The threats are reeling in. The vile and insensitive remarks are endless, the accusations, and assumptions are piling on and the questions are many! I have gone and done the unthinkable, the inexcusable, and the unforgivable. I spoke and am speaking my truth! I promised myself I would refrain from writing angry but recent occurrences cause me to want to vent a little.
I decided to take this journey, knowing I was raised in a culture, where silence on sexual abuse is the norm, I decided to break the mold, to break the silence that has been cultivated under the guise of “Family Unity and Strength”. I wanted to make a difference and no-one was going to suffocate my truth, I tried for years to keep this story hidden, I was afraid, the fear of being despised, fear of exposure, and the risk of telling another’s story who may not what their story to be told. Fear…no one wants to read, see, and hear what I have to say, the repercussion which may follow suit… Contrary to all this, my new revelations, my drive/guilt, and the overwhelming responsibility I feel to help, far outweighs my fear!
It’s hard to explain the impact sexual abuse has on everyone involved, it destroys entire families if you allow it. Lately, there seems to be a constant barrage of instructions from family members regarding how I should think, act, approach, and the steps I should take to ensure that this does not reflect poorly on them even though the abuse I endured was not their doing.
I have been receiving different threats! In the past few weeks I have been called names, threatened several times, to the point where I had to call the police. I have been called a liar, a whore, a harlot, a low life, and attention-seeking bitch, told they wish they could stone all of those who claim they were sexually assaulted…just to name a few. (This from some family members) some of this was to be expected, but, I cannot speak my truth and keep a secret!
I do wonder the mindset of a few, one relative stated “I don’t know when talking about sexual abuse became a degree to be proud of, you are attention seekers”. As I reflect on some of the statements made, I cannot help but wonder…what kind of attention would any logical, sane thinking person gain from claiming to have had such a traumatic experience?
It has always been my belief as a child growing up that if I had spoken out my family would not have believed me.

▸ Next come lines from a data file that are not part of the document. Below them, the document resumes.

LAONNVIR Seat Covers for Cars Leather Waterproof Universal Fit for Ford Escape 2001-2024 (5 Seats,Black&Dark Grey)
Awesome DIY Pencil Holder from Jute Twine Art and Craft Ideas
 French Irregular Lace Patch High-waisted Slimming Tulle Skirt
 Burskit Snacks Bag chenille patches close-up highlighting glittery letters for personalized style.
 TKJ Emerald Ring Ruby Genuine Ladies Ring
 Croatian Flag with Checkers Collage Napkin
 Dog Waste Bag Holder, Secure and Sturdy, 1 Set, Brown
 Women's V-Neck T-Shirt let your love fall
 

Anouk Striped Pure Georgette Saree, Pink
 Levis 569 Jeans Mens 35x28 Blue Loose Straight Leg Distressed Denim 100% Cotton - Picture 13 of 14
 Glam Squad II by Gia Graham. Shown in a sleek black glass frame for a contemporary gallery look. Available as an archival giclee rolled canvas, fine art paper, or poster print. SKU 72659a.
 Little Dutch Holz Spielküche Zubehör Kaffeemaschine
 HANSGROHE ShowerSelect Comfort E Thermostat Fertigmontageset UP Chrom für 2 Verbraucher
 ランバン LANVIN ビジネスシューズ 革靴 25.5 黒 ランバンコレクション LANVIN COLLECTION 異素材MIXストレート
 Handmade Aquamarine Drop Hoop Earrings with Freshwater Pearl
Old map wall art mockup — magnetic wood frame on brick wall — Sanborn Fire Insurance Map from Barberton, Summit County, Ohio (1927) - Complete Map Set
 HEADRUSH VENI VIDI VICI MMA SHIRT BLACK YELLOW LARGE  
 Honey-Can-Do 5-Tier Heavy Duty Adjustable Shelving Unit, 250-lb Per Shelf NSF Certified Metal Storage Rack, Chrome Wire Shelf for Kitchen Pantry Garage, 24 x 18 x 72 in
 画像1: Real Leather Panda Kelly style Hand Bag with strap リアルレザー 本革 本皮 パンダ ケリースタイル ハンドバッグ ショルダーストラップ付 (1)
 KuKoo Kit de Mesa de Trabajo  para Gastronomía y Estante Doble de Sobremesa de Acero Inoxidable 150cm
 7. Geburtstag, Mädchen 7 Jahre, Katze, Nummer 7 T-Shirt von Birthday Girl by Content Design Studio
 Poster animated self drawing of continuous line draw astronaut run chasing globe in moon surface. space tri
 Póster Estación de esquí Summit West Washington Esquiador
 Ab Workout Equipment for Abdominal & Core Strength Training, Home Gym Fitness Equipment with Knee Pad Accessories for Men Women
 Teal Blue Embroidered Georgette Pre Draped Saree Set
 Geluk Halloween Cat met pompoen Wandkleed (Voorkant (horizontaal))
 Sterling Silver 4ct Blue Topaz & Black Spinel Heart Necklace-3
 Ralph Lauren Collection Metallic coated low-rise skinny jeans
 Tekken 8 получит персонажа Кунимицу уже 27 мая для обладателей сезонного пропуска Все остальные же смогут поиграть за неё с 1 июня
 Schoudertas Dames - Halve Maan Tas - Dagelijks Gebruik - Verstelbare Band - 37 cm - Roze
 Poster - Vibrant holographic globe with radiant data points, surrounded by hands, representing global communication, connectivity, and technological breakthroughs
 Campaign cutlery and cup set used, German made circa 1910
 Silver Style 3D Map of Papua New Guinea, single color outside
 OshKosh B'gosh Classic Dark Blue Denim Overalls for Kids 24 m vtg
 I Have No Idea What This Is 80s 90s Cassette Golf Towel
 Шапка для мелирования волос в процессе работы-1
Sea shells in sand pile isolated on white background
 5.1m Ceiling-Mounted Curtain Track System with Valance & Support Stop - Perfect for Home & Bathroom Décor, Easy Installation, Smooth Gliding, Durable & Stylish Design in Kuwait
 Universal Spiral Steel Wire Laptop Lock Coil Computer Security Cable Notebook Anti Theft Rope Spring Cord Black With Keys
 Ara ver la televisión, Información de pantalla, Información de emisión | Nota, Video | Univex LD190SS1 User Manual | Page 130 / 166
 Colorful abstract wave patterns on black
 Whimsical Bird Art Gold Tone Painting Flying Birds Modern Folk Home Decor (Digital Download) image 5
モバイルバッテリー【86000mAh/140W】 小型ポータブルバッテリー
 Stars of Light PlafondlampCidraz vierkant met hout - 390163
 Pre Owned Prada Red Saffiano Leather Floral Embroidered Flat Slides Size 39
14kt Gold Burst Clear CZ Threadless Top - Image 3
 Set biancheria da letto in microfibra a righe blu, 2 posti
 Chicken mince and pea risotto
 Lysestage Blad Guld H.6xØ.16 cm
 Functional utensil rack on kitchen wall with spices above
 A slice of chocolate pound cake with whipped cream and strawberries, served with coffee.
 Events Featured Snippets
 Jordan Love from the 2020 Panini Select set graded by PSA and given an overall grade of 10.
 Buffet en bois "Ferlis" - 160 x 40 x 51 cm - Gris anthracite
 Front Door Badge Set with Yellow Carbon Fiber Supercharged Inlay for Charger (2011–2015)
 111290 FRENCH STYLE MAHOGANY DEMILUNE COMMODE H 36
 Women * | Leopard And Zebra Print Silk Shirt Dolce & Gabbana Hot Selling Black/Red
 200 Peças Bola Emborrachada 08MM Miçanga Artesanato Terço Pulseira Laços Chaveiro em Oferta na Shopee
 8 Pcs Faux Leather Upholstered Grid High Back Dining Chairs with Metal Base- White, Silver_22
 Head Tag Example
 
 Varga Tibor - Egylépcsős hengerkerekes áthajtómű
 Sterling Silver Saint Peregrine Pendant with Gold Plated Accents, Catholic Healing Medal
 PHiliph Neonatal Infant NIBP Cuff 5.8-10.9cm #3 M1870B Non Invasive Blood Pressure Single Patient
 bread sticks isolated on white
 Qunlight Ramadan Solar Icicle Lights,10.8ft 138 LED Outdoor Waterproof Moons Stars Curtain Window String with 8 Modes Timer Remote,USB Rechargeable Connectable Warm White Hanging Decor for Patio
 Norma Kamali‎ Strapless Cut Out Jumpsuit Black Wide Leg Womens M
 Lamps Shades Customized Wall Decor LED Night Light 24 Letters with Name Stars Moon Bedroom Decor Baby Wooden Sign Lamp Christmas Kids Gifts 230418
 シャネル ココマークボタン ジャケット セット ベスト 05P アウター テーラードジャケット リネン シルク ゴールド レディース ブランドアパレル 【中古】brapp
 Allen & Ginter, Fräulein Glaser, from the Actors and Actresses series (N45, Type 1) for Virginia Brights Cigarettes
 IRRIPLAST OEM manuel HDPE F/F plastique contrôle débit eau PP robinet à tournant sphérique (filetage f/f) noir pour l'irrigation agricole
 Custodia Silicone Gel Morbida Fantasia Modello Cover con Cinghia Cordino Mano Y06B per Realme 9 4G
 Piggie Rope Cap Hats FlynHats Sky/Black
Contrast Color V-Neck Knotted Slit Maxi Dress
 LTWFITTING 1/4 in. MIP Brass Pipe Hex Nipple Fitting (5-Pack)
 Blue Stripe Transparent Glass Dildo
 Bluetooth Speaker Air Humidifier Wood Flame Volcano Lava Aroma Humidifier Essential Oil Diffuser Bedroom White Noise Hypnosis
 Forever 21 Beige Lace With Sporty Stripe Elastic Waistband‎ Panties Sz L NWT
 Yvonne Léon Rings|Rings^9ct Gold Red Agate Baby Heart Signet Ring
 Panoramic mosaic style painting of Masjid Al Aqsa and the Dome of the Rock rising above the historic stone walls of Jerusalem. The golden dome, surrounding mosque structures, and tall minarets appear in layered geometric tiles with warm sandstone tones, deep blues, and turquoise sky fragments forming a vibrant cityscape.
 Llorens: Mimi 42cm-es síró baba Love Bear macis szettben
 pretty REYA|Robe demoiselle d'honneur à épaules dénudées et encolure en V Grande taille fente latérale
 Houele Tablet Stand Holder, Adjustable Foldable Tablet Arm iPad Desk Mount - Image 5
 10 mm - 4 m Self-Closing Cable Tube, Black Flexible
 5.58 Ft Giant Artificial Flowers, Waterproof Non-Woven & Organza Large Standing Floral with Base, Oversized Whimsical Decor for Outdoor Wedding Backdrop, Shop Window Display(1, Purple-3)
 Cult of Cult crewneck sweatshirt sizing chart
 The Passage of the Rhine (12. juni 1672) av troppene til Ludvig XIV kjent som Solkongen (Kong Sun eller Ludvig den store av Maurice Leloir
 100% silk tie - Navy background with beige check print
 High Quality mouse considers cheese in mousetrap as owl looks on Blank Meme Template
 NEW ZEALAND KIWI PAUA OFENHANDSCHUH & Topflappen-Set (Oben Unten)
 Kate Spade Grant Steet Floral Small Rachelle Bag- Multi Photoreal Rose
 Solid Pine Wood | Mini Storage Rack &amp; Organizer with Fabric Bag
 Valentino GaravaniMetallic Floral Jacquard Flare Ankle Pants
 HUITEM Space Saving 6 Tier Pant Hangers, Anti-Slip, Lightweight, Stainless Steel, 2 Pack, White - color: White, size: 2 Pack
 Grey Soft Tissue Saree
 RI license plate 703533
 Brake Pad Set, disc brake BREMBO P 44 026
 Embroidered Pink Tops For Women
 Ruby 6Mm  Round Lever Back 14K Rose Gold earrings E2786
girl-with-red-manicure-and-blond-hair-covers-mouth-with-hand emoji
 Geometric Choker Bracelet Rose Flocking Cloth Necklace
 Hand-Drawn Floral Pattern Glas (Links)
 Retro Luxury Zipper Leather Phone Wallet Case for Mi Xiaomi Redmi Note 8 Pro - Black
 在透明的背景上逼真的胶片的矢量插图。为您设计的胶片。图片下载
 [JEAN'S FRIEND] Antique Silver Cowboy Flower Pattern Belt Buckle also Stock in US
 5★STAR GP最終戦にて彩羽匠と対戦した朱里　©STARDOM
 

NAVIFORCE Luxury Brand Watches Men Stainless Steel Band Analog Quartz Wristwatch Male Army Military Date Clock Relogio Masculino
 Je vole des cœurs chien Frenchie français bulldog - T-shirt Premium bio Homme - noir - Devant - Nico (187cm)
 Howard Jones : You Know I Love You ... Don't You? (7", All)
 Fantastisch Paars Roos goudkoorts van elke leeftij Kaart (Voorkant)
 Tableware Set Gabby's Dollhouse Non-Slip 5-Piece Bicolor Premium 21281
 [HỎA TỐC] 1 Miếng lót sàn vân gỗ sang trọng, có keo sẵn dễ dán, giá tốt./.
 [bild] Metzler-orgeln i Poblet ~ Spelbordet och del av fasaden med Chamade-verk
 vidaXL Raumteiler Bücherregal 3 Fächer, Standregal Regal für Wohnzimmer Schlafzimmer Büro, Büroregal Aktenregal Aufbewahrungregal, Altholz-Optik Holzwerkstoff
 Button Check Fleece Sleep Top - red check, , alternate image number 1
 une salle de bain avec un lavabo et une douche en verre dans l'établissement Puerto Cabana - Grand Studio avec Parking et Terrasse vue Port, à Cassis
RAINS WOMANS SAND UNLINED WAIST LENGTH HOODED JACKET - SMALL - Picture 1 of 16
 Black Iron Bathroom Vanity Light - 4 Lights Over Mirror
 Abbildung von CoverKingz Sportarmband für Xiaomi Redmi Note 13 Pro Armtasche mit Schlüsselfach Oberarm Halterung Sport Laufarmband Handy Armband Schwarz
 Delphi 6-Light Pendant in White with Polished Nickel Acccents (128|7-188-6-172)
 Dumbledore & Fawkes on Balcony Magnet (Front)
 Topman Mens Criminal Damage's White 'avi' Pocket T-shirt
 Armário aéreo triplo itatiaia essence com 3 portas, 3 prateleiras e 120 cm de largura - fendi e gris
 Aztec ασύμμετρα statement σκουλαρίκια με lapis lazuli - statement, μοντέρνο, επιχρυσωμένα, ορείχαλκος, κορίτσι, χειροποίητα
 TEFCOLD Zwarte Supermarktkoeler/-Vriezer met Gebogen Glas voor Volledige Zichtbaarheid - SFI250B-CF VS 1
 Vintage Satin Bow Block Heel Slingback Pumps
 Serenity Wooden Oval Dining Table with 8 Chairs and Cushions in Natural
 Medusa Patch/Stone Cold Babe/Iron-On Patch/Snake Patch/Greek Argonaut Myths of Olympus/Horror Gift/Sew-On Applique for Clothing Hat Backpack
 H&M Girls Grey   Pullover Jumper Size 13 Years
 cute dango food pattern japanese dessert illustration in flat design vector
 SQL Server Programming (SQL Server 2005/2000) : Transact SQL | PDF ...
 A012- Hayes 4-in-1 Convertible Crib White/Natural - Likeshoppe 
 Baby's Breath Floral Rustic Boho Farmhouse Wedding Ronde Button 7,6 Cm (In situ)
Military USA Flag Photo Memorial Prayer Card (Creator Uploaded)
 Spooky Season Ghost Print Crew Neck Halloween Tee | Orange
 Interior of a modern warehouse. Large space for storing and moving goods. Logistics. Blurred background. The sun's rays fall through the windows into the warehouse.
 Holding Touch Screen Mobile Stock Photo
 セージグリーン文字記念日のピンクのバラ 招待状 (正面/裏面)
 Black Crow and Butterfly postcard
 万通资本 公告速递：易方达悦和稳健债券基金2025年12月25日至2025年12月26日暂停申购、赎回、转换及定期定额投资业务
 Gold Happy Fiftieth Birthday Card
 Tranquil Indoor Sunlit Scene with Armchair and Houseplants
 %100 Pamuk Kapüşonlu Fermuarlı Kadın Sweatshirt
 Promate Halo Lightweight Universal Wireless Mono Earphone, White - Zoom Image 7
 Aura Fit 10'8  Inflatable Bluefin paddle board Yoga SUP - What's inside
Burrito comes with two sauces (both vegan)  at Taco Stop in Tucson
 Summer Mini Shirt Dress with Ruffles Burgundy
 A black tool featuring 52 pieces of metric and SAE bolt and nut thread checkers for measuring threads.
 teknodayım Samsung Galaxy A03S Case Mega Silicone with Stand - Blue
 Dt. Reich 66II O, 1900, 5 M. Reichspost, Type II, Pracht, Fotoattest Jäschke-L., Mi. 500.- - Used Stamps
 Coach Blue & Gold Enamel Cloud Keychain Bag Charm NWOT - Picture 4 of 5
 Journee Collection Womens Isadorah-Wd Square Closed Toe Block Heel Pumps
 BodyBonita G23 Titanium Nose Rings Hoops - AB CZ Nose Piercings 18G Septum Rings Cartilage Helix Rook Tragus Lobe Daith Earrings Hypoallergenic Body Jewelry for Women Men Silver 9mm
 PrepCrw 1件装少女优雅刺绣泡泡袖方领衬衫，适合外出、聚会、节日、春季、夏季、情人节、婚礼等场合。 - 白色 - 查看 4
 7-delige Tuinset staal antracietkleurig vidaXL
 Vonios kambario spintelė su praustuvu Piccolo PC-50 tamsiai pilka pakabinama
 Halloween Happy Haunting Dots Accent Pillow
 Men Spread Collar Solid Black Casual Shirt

I always felt that if I told it would have created an uproar. Ironically, from the public display of anger, ignorance, and insensitive comments from some of my family members, I was so right! Relatives have personalized the issue, offer to stone me to death, beat me to a pulp, besides many do not believe. Relatives have behaved as if the abuser’s actions are their shame to bear. I hear how this should have been handled, what they would have done, worst, what action they would have taken had they known, or had they been the victim…
I say to all who aren’t clear how to react to this issue, (if you haven’t lived it, was threatened, experienced the fear, had siblings to protect, betrayed by those who should have protected you, experienced the shame and self-loathing, the psychological, and psychosocial horrors, the emotional distress, the resentment, the anger, the hatred and all the barrage of fear and emotions that I and other victims have experienced…Please if you don’t have positive things to say… Please keep your thoughts and opinions to yourself.
My fellow victims/survivors of sexual abuse, while I advocate on your behalf until you find your voice to speak out, acknowledge, own and accept your truth, I must as the precursor tell you; it’s not an easy undertaking to speak your truth!!! “No one has the power to hurt you like your kin,” according to India Arie It’s no easy feat, to speak your truth and not be deterred by the limited thinking of others.
I will not be forced or threatened into submission… I will not be coerced or manipulated, I will not be deterred…I did that for too long, try again! But, know that while you continue your ignorance, and display your true colors, you may be hindering another from speaking their truth, maybe your own. I thank you however, for granting me the fuel I needed, saving me the time it would take to figure out who is for and against me and the empowerment of young girls and boys against this atrocity of sexual violation.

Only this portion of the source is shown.